Rashba Sandwiches with Topological Superconducting Phases

TL;DR

This paper proposes a heterostructure with tunable topological superconducting phases, featuring helical, chiral, or unidirectional edge states, achieved through conventional ingredients and parameter adjustments.

Contribution

It introduces a bilayer Rashba heterostructure capable of hosting multiple topological phases with different edge states, controlled by Zeeman field and chemical potential.

Findings

Presence of helical, chiral, and unidirectional edge states.

Tunable topological phases via Zeeman field and chemical potential.

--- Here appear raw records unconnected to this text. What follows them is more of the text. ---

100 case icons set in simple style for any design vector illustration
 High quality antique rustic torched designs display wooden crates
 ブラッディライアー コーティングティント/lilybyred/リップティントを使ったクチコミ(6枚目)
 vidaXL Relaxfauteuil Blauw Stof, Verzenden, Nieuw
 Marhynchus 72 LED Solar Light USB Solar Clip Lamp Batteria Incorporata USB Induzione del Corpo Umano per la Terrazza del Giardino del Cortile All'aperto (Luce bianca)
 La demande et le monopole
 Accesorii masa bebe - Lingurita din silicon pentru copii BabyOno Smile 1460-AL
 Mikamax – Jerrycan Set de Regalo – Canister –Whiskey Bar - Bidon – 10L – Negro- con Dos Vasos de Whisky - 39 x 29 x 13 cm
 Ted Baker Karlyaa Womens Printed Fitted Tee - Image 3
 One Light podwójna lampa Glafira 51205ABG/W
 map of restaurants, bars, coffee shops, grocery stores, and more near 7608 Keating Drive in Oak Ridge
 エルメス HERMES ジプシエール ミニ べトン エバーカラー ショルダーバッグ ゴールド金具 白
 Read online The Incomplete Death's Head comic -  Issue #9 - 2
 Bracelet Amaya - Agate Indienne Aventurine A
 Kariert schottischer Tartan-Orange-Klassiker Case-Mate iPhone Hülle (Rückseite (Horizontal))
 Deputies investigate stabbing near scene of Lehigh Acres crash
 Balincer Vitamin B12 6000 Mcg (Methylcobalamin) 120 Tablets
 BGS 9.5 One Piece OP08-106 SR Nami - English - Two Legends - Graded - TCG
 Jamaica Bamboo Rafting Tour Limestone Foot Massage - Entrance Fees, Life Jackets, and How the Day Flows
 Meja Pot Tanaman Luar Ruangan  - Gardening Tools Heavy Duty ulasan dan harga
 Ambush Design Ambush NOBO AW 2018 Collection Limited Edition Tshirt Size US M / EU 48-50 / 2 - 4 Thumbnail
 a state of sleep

Realization of topological phases with conventional materials.

Abstract

We introduce a versatile heterostructure harboring various topological superconducting phases characterized by the presence of helical, chiral, or unidirectional edge states. Changing parameters, such as an effective Zeeman field or chemical potential, one can tune between these three topological phases in the same setup. Our model relies only on conventional non-topological ingredients. The bilayer setup consists of an s-wave superconductor sandwiched between two two-dimensional electron gas layers with strong Rashba spin-orbit interaction. The interplay between two different pairing mechanisms, proximity induced direct and crossed Andreev superconducting pairings, gives rise to multiple topological phases. In particular, helical edge states occur if crossed Andreev superconducting pairing is dominant. In addition, an in-plane Zeeman field leads to a 2D gapless topological phase with unidirectional edge states, which were previously predicted to exist only in non-centrosymmetric superconductors. If the Zeeman field is tilted out of the plane, the system is in a topological phase hosting chiral edge states.